### What you should do
Look below for the line containing "ヒメ日記 2025/07/01 16:59". Write out that line and the rest through the last one, exactly as they appear, but without pictures.
Records START
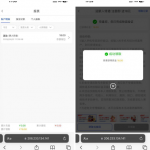2008澳门赌博下载app注册完善信息送18彩金-足球直播网-足球赛程-世界杯足球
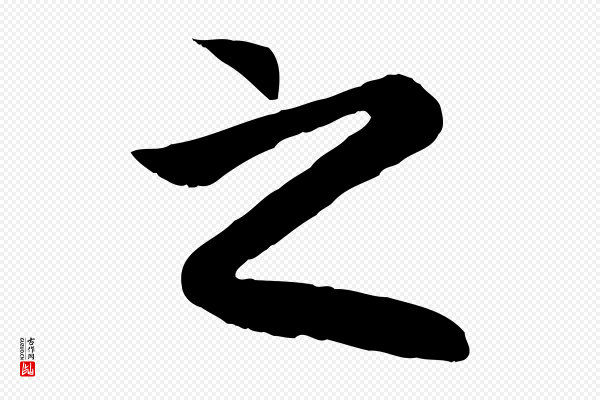 赵孟頫《归去来并序》之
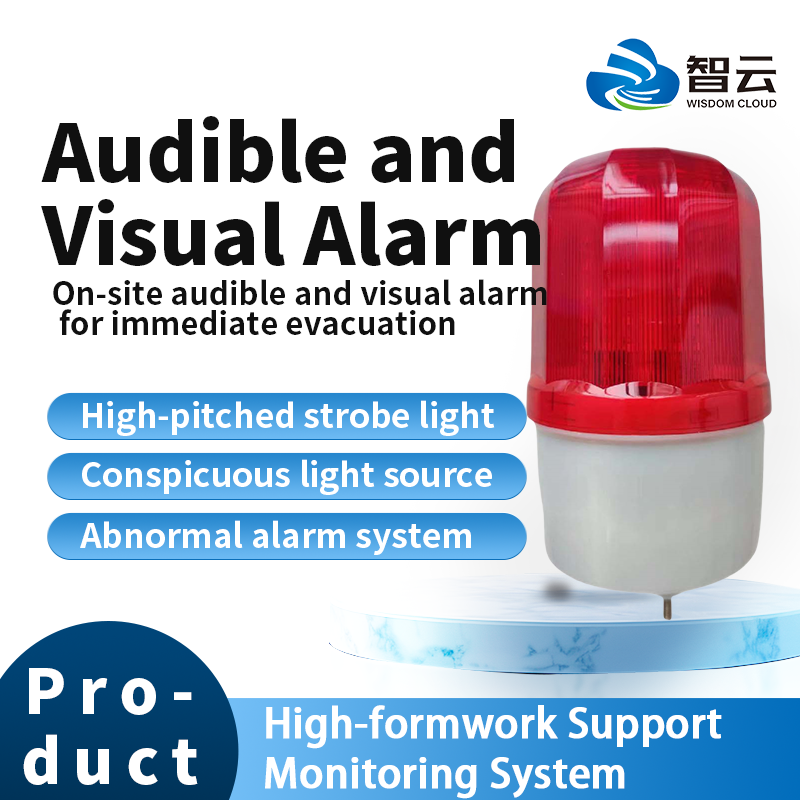 Acousto-optic alarm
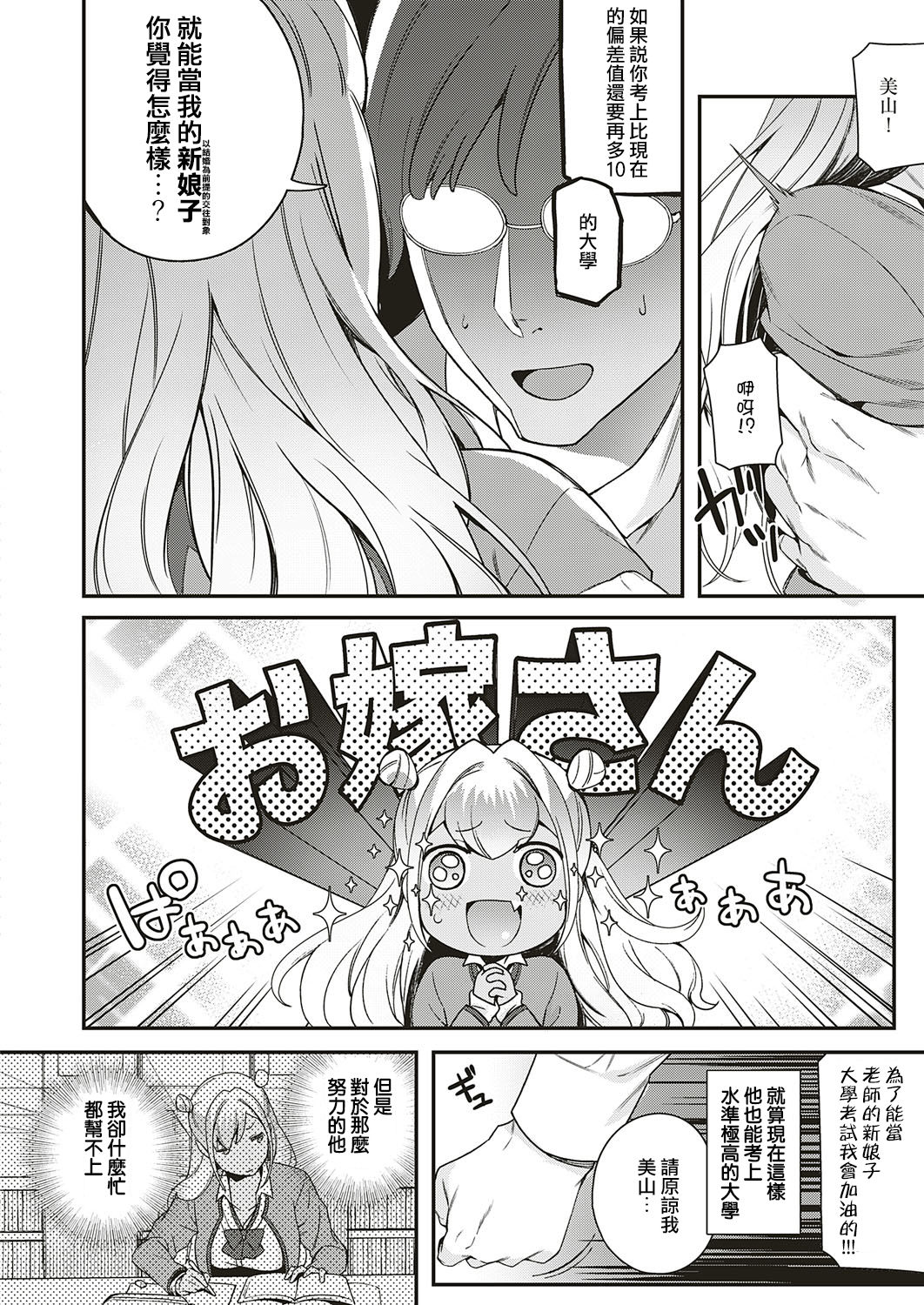 Koi to Baka to Karasawagi page 4 full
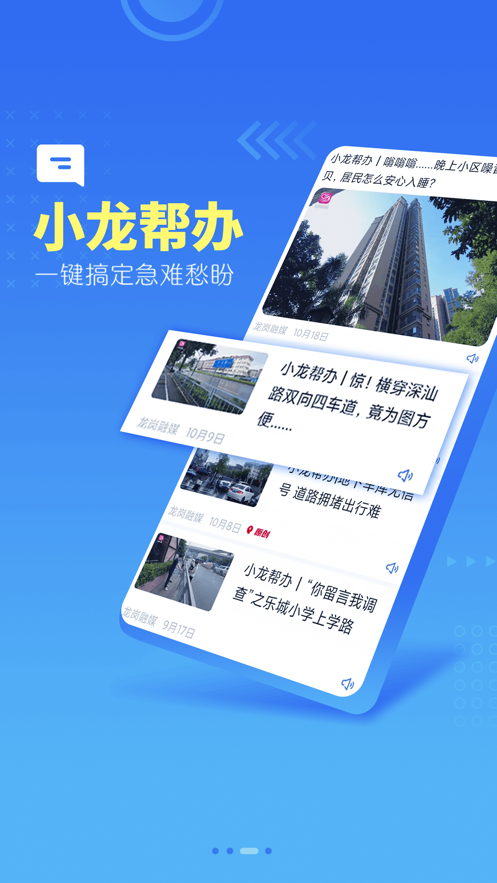 龙岗融媒新闻软件封面
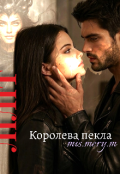 Обкладинка книги "Ліліт. Королева пекла."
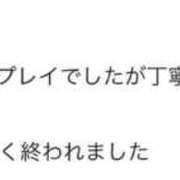 ヒメ日記 2025/07/01 16:59 投稿 まふゆ♡たまらないおっ〇い♡ ドMなバニーちゃん 柴田店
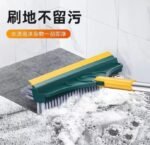 3in1 brush + 9 feet long duster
Records END
### Expected output
 ヒメ日記 2025/07/01 16:59 投稿 まふゆ♡たまらないおっ〇い♡ ドMなバニーちゃん 柴田店
 3in1 brush + 9 feet long duster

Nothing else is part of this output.